• **Data for the task**:
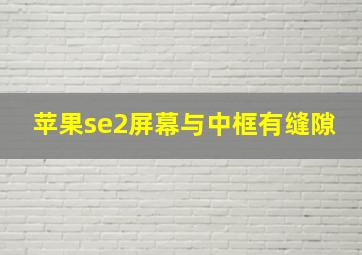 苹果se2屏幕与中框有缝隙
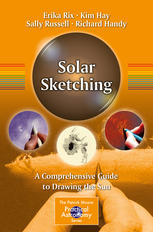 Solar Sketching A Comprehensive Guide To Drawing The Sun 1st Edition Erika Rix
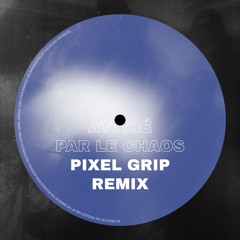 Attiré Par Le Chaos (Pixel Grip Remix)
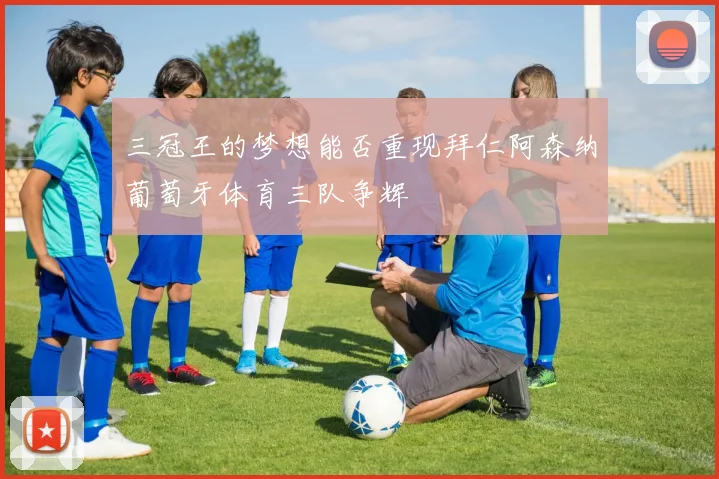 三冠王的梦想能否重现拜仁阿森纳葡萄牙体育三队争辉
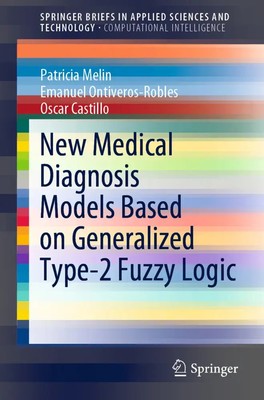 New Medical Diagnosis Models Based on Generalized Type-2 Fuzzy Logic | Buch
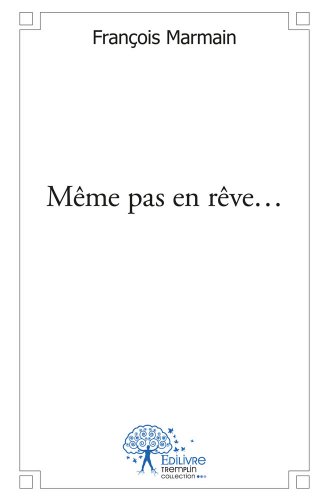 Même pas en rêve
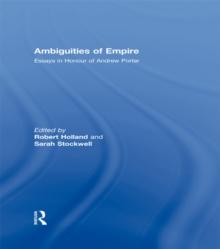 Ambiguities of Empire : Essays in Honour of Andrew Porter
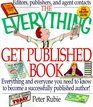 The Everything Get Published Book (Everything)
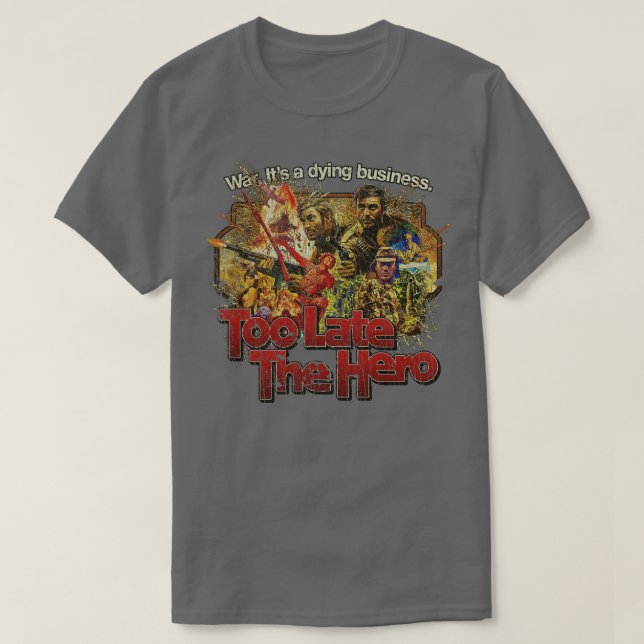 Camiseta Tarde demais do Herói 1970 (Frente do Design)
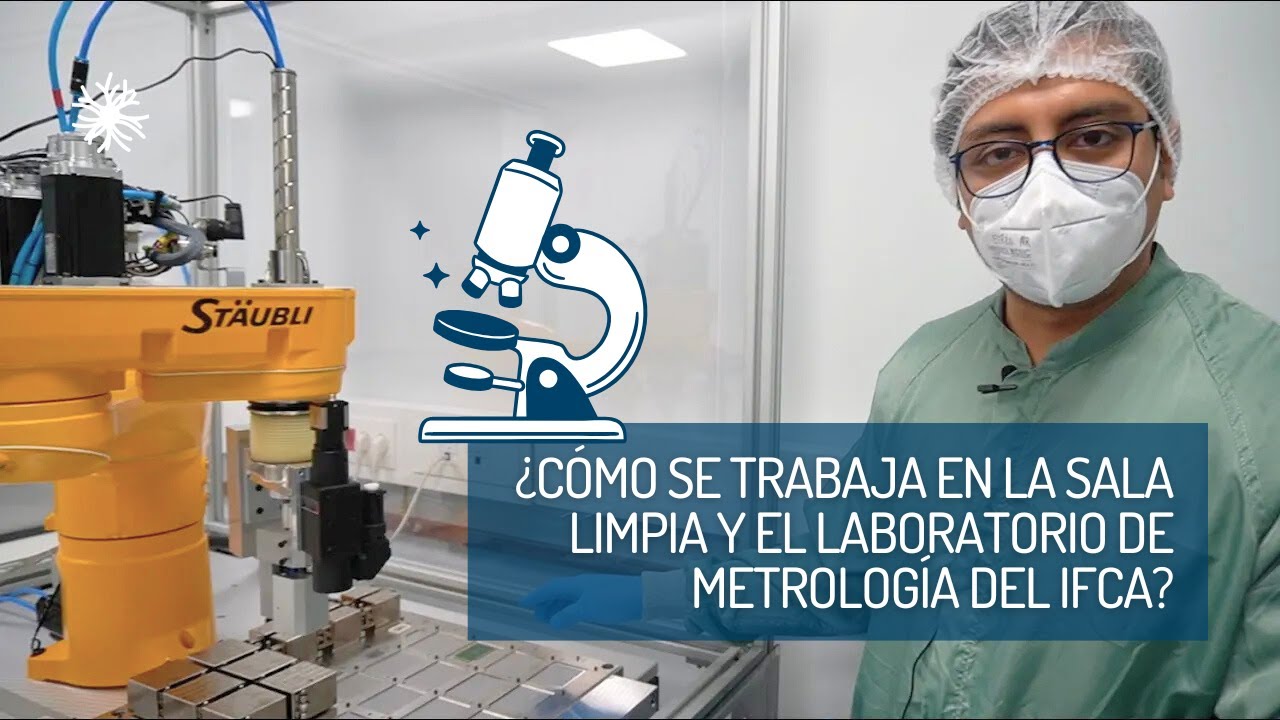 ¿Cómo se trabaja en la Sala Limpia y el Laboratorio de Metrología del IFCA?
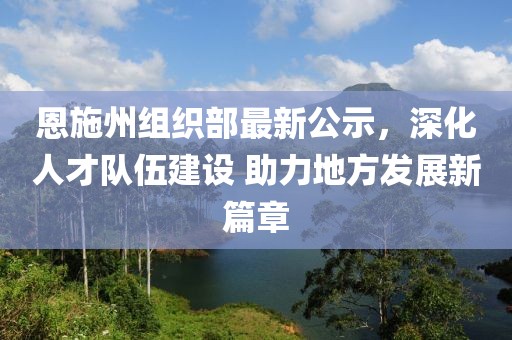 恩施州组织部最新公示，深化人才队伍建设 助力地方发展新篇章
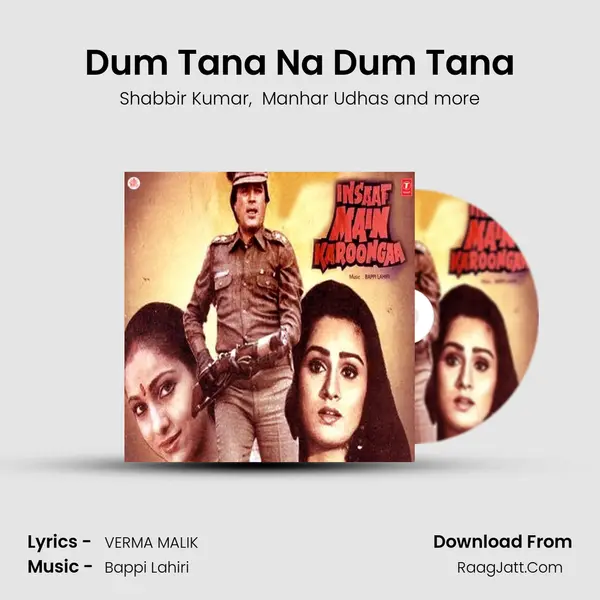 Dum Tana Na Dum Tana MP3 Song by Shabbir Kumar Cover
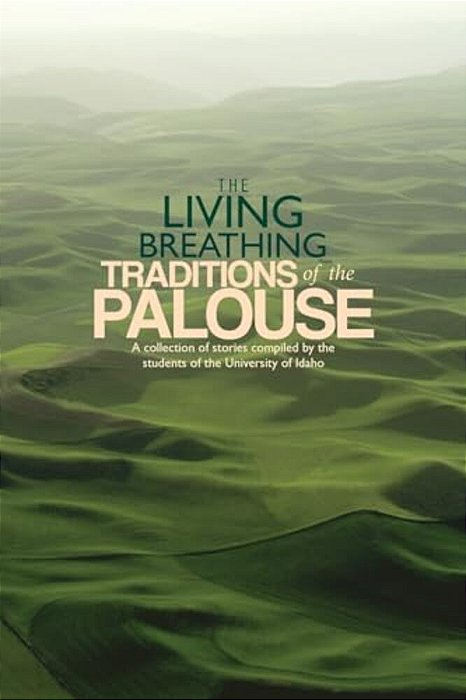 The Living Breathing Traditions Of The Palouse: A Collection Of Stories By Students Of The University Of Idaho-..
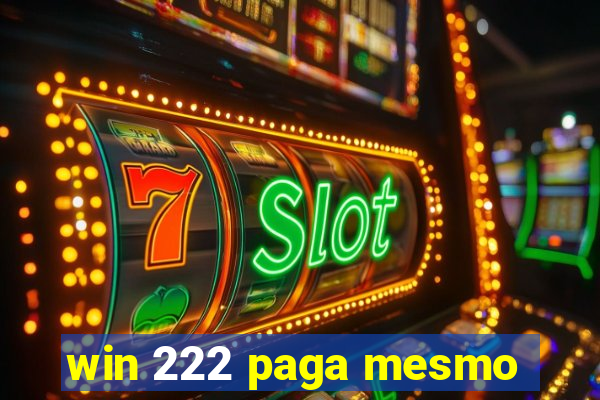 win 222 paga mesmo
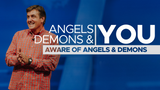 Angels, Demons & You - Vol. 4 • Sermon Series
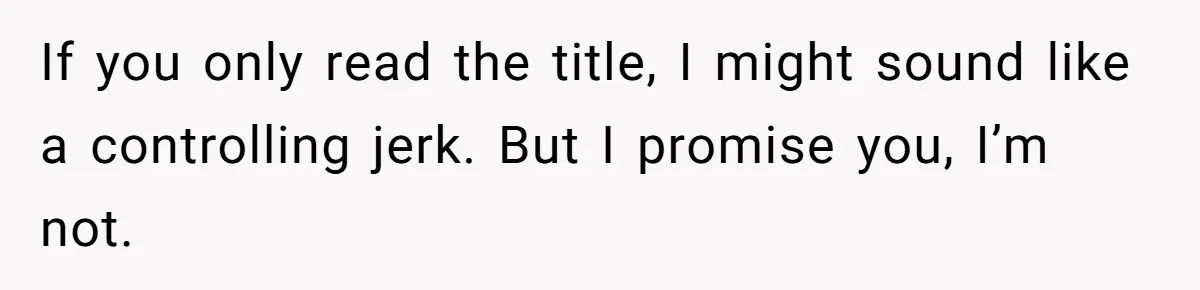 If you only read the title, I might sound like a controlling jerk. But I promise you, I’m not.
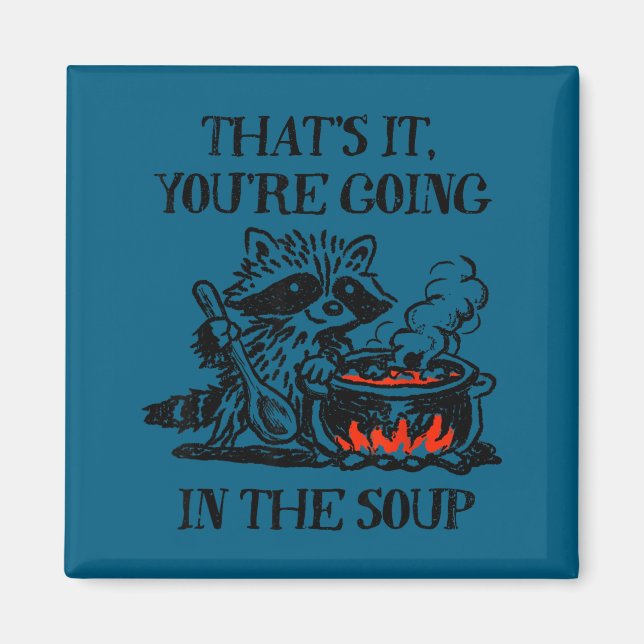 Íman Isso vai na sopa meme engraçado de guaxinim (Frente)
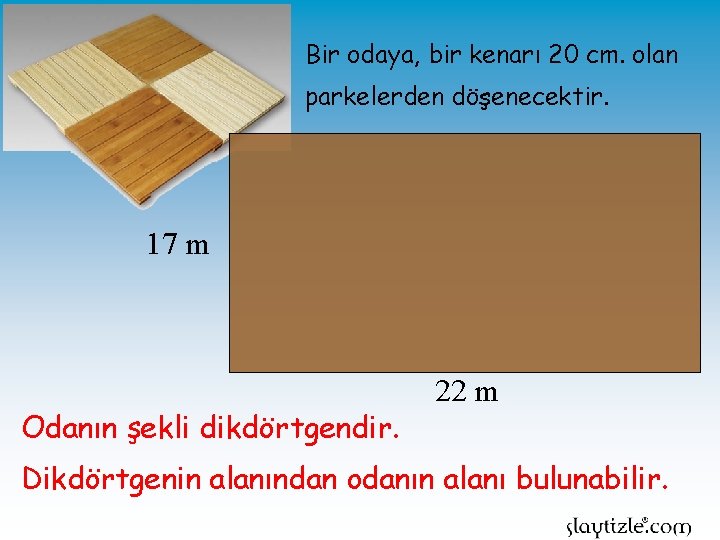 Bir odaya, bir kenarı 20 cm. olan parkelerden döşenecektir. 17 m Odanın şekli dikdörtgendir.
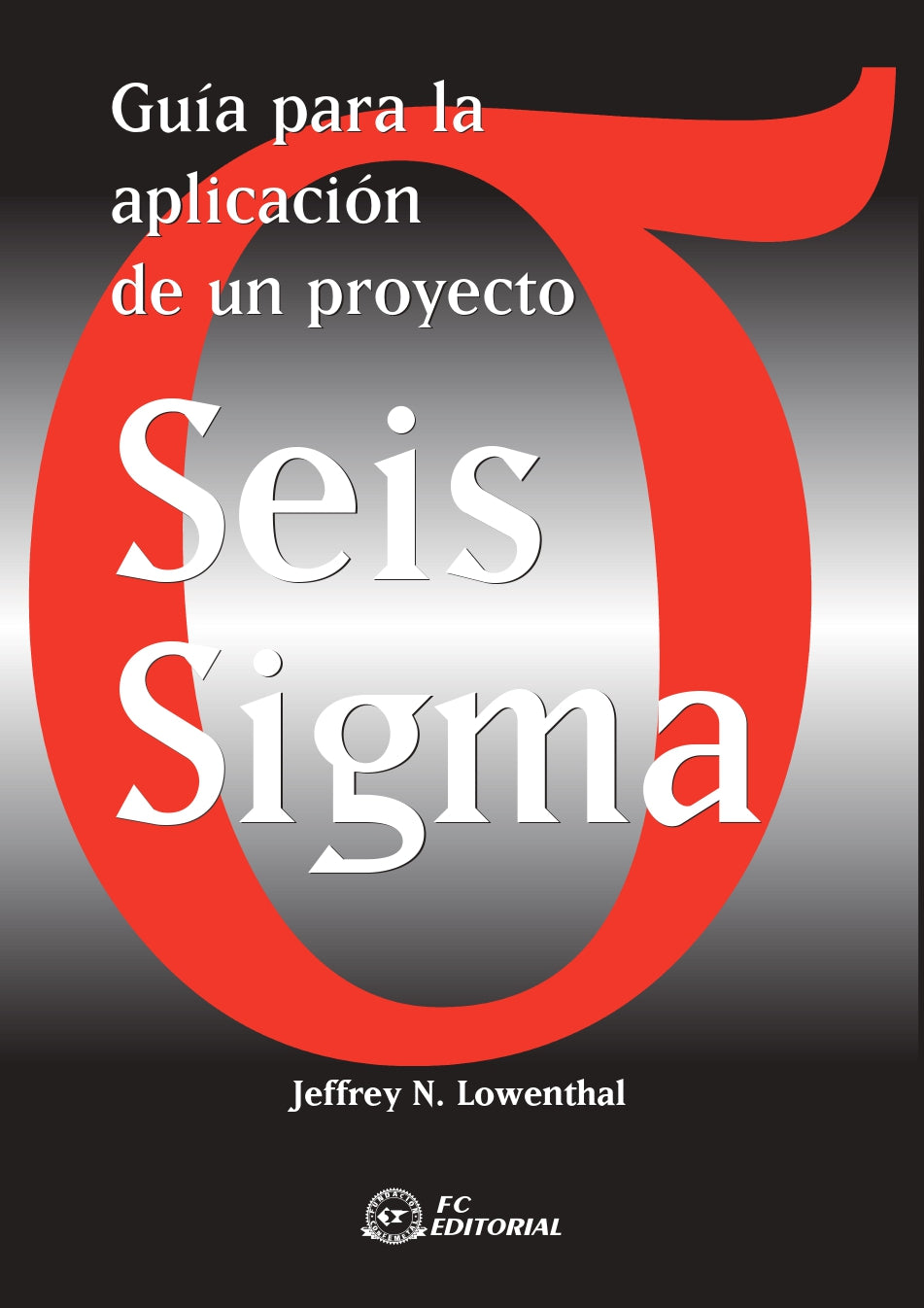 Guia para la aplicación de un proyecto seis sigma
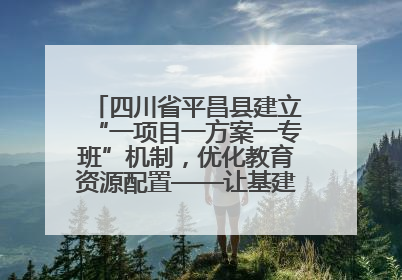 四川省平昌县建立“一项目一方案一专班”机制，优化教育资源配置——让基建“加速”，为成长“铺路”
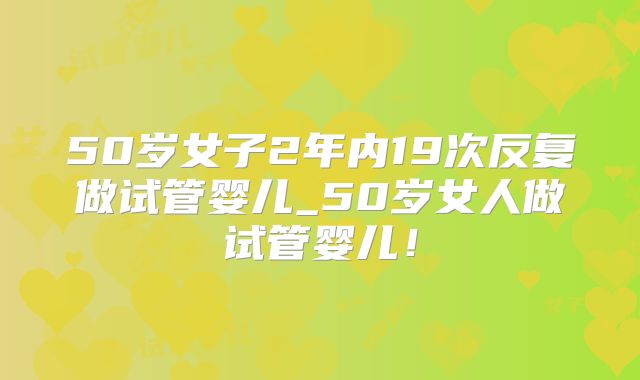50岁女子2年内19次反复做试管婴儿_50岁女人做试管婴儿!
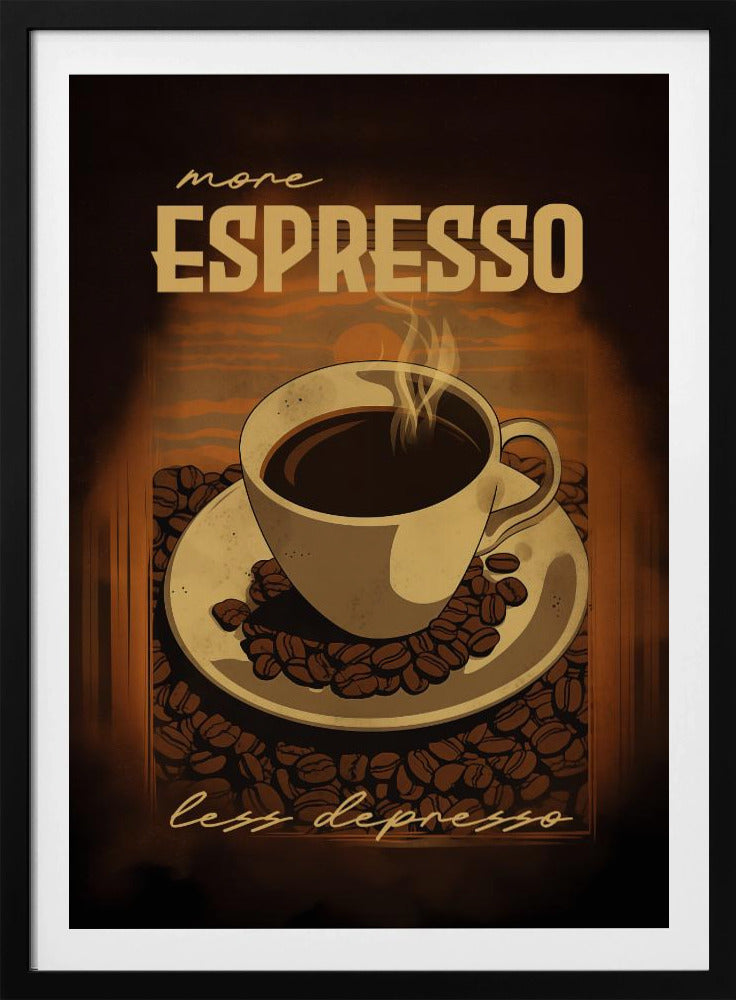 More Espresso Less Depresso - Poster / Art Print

• **Task description**:
The data above should be restated exactly, with its images dropped.

• **Written response**:
 苹果se2屏幕与中框有缝隙
 Solar Sketching A Comprehensive Guide To Drawing The Sun 1st Edition Erika Rix
 Attiré Par Le Chaos (Pixel Grip Remix)
 三冠王的梦想能否重现拜仁阿森纳葡萄牙体育三队争辉
 New Medical Diagnosis Models Based on Generalized Type-2 Fuzzy Logic | Buch
 Même pas en rêve
 Ambiguities of Empire : Essays in Honour of Andrew Porter
 The Everything Get Published Book (Everything)
 Camiseta Tarde demais do Herói 1970 (Frente do Design)
 ¿Cómo se trabaja en la Sala Limpia y el Laboratorio de Metrología del IFCA?
 恩施州组织部最新公示，深化人才队伍建设 助力地方发展新篇章
 Dum Tana Na Dum Tana MP3 Song by Shabbir Kumar Cover
 The Living Breathing Traditions Of The Palouse: A Collection Of Stories By Students Of The University Of Idaho-..
 win 222 paga mesmo
 Angels, Demons & You - Vol. 4 • Sermon Series
 If you only read the title, I might sound like a controlling jerk. But I promise you, I’m not.
 Íman Isso vai na sopa meme engraçado de guaxinim (Frente)
 Bir odaya, bir kenarı 20 cm. olan parkelerden döşenecektir. 17 m Odanın şekli dikdörtgendir.
 Guia para la aplicación de un proyecto seis sigma
 四川省平昌县建立“一项目一方案一专班”机制，优化教育资源配置——让基建“加速”，为成长“铺路”
50岁女子2年内19次反复做试管婴儿_50岁女人做试管婴儿!
 More Espresso Less Depresso - Poster / Art Print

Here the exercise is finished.